Data extracts Block Start

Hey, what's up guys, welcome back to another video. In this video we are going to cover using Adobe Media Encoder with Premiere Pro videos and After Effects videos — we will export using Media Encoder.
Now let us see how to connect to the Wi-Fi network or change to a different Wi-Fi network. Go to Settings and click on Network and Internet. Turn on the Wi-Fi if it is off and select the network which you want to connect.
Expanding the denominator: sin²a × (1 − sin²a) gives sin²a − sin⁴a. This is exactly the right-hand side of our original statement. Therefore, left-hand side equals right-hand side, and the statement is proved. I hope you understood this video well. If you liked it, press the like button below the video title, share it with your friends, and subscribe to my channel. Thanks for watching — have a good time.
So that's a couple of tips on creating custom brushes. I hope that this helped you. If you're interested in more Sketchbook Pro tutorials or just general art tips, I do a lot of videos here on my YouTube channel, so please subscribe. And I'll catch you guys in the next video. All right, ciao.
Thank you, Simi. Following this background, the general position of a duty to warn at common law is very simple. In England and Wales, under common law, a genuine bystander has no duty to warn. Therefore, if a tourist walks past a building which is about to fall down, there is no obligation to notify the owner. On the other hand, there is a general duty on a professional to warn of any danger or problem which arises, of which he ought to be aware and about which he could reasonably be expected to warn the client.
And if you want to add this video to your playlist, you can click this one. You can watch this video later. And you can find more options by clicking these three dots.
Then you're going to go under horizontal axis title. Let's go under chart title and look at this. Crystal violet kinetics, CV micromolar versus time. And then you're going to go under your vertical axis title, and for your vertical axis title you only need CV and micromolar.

Data extracts Block End

**Goal of the exercise**. Would you output, from the records above, exactly the run of lines that starts at the line containing "Now let us see" and ends at the line containing "Expanding the denominator: sin²a", and only that run?

**Problem solution**.
Now let us see how to connect to the Wi-Fi network or change to a different Wi-Fi network. Go to Settings and click on Network and Internet. Turn on the Wi-Fi if it is off and select the network which you want to connect.
Expanding the denominator: sin²a × (1 − sin²a) gives sin²a − sin⁴a. This is exactly the right-hand side of our original statement. Therefore, left-hand side equals right-hand side, and the statement is proved. I hope you understood this video well. If you liked it, press the like button below the video title, share it with your friends, and subscribe to my channel. Thanks for watching — have a good time.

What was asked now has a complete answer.